A look at what Trump ordered:
Trump's order directs the State Department to stop issuing visas to Syrian nationals and halts the processing of Syrian refugees. That will remain in effect until Trump determines that enough security changes have been made to ensure that would-be terrorists can't exploit weaknesses in the current vetting system.
Trump ordered a four-month suspension of America's broader refugee program. The suspension is intended to provide time to review how refugees are vetted before they are allowed to resettle in the United States.
Trump's order also cuts the number of refugees the United States plans to accept this budget year by more than half, to 50,000 people from around the world.
During the last budget year the U.S. accepted 84,995 refugees, including 12,587 people from Syria. President Barack Obama had set the current refugee limit at 110,000.
The temporary halt to refugee admissions does include exceptions for people claiming religious persecution, so long as their religion is a minority faith in their country. That could apply to Christians from Muslim-majority countries.

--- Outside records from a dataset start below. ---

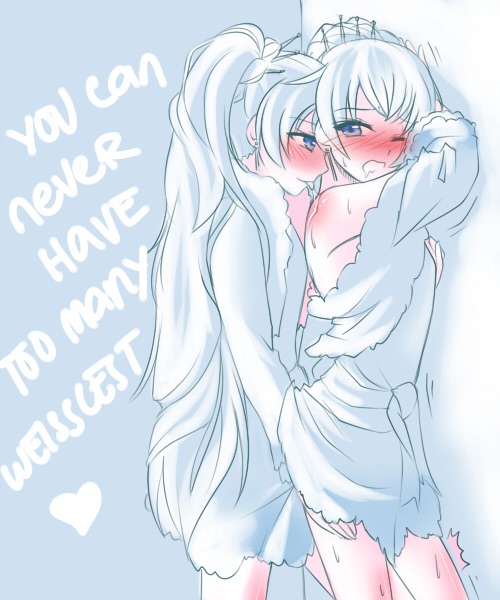 2d, 2girls, artist request, blue eyes, blush, caressing partner, clothed, clothed female, color, english text, female, heart, ponytail, rooster teeth, rwby, selfcest, sweat, very long hair, weiss schnee, white hair, yuri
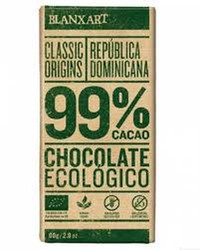 Chocolate ecológico negro rep dominicana 99% blanxart 80 grs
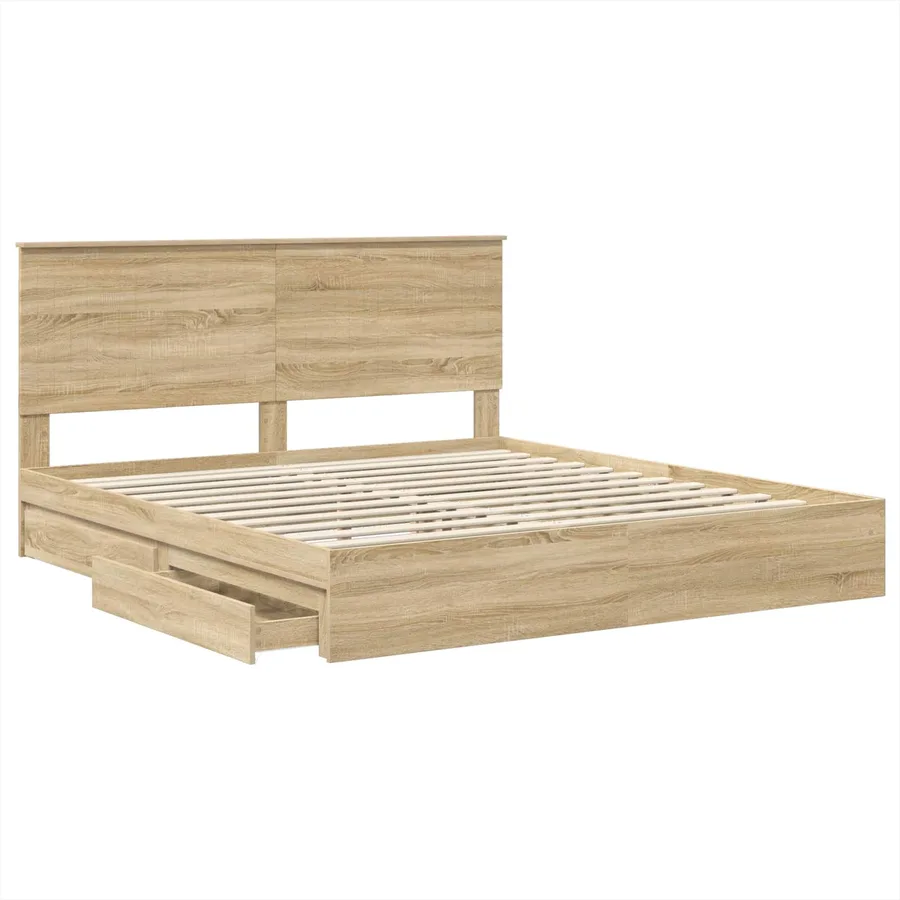 Lit de Rangement Chêne Sonoma 180 x 200 cm Bois d'ingénierie - 5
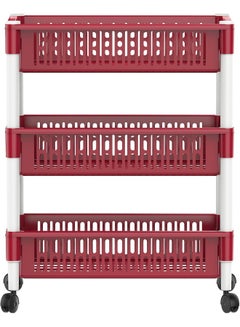 Cosmoplast Multipurpose Plastic Trolley Vegetable Rack 3 Tiers Dark Red 45 x 30 x 65cm  - Image 2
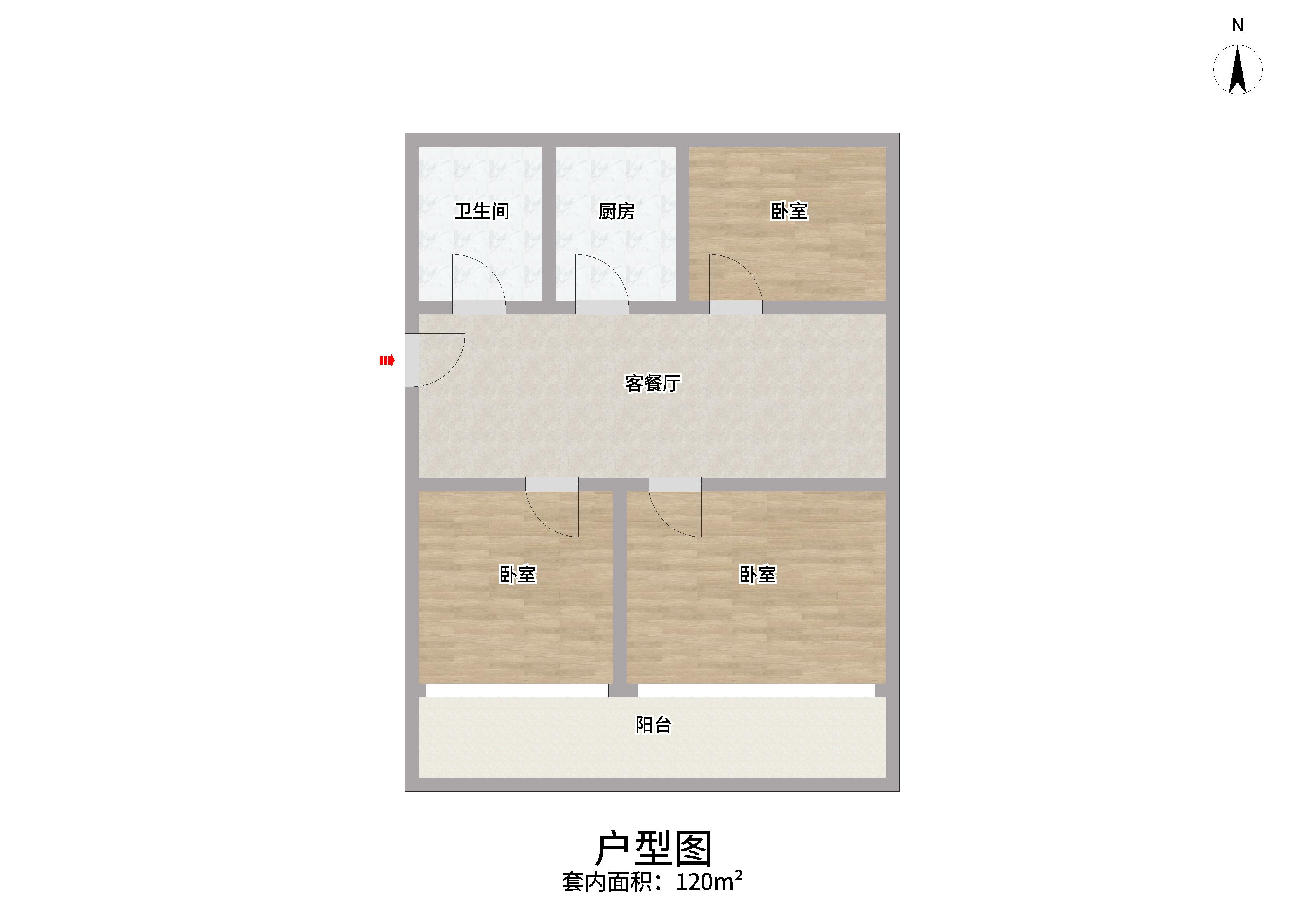 濠东路51号小区 3室1厅1卫 85m&sup2;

Trump's order did not spell out specifically what additional steps he wants to see the Homeland Security and State departments add to the country's vetting system for refugees. Instead he directed officials to the review the refugee application and approval process to find any other security measures that can be added to prevent people who pose a threat from using the refugee program.
During the Obama administration, vetting for refugees included in-person interviews overseas, where they provided biographical details about themselves, including their families, friendships, social or political activities, employment, phone numbers, email accounts and more. They also provided biometric information, including fingerprints. Syrians were subject to additional, classified controls that administration officials at the time declined to describe, and processing for that group routinely took years to complete.
Trump's executive order suspends all immigration from countries with terrorism concerns for 90 days. The State Department said the three-month ban in the directive applied to Iraq, Syria, Iran, Sudan, Libya, Somalia and Yemen -- all Muslim-majority nations. The order also calls for Homeland Security and State department officials, along with the director of national intelligence, to review what information the government needs to fully vet would-be visitors and come up with a list of countries that don't provide it. The order says the government will give countries 60 days to start providing the information or citizens from those countries will be barred from traveling to the United States.
The temporary ban extends to foreigners with visas and people with green cards. Anyone who was abroad when the executive order was signed is now barred from coming back to the country for at least three months. There is an exemption for people whose entry into the country is deemed in the nation's interest, but it's unclear how that exemption may be applied.
Barring any travel to the U.S. from those seven countries, even temporarily, appears to at least partially fulfill a campaign promise Trump made to ban Muslims from coming to the United States until assurances can be made that visitors are properly vetted.